• _Instructions for the task_
Reproduce exactly the lines below, from the first through the one containing "Royal Albert Utra", and nothing more.

[Opening Dataset excerpts section]

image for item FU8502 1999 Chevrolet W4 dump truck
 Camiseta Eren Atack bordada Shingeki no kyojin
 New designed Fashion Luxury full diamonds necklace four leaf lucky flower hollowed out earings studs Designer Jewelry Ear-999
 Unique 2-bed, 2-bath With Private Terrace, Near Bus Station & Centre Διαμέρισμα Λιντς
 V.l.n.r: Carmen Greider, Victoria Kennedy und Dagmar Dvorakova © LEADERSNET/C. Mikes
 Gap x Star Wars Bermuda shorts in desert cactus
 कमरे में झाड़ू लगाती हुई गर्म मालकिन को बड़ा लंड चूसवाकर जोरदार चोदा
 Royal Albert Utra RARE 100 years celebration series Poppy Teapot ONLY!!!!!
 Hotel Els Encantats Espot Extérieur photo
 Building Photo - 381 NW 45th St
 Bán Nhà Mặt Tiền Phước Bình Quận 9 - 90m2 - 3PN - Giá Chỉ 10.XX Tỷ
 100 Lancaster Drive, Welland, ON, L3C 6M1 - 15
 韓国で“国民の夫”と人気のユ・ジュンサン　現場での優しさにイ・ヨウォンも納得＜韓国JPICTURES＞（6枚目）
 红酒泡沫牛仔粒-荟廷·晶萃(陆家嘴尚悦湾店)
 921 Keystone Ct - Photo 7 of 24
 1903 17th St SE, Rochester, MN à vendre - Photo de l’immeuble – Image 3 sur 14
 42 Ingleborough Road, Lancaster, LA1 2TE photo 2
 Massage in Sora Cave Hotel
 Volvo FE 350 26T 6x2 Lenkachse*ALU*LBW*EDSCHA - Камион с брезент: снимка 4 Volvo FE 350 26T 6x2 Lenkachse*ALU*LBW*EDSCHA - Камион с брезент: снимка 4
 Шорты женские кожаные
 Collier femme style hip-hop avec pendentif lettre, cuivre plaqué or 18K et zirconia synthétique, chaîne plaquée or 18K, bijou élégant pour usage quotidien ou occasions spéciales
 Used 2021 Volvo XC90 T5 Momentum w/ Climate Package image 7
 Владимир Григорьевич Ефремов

[Closing Dataset excerpts section]

• _Answer below_
image for item FU8502 1999 Chevrolet W4 dump truck
 Camiseta Eren Atack bordada Shingeki no kyojin
 New designed Fashion Luxury full diamonds necklace four leaf lucky flower hollowed out earings studs Designer Jewelry Ear-999
 Unique 2-bed, 2-bath With Private Terrace, Near Bus Station & Centre Διαμέρισμα Λιντς
 V.l.n.r: Carmen Greider, Victoria Kennedy und Dagmar Dvorakova © LEADERSNET/C. Mikes
 Gap x Star Wars Bermuda shorts in desert cactus
 कमरे में झाड़ू लगाती हुई गर्म मालकिन को बड़ा लंड चूसवाकर जोरदार चोदा
 Royal Albert Utra RARE 100 years celebration series Poppy Teapot ONLY!!!!!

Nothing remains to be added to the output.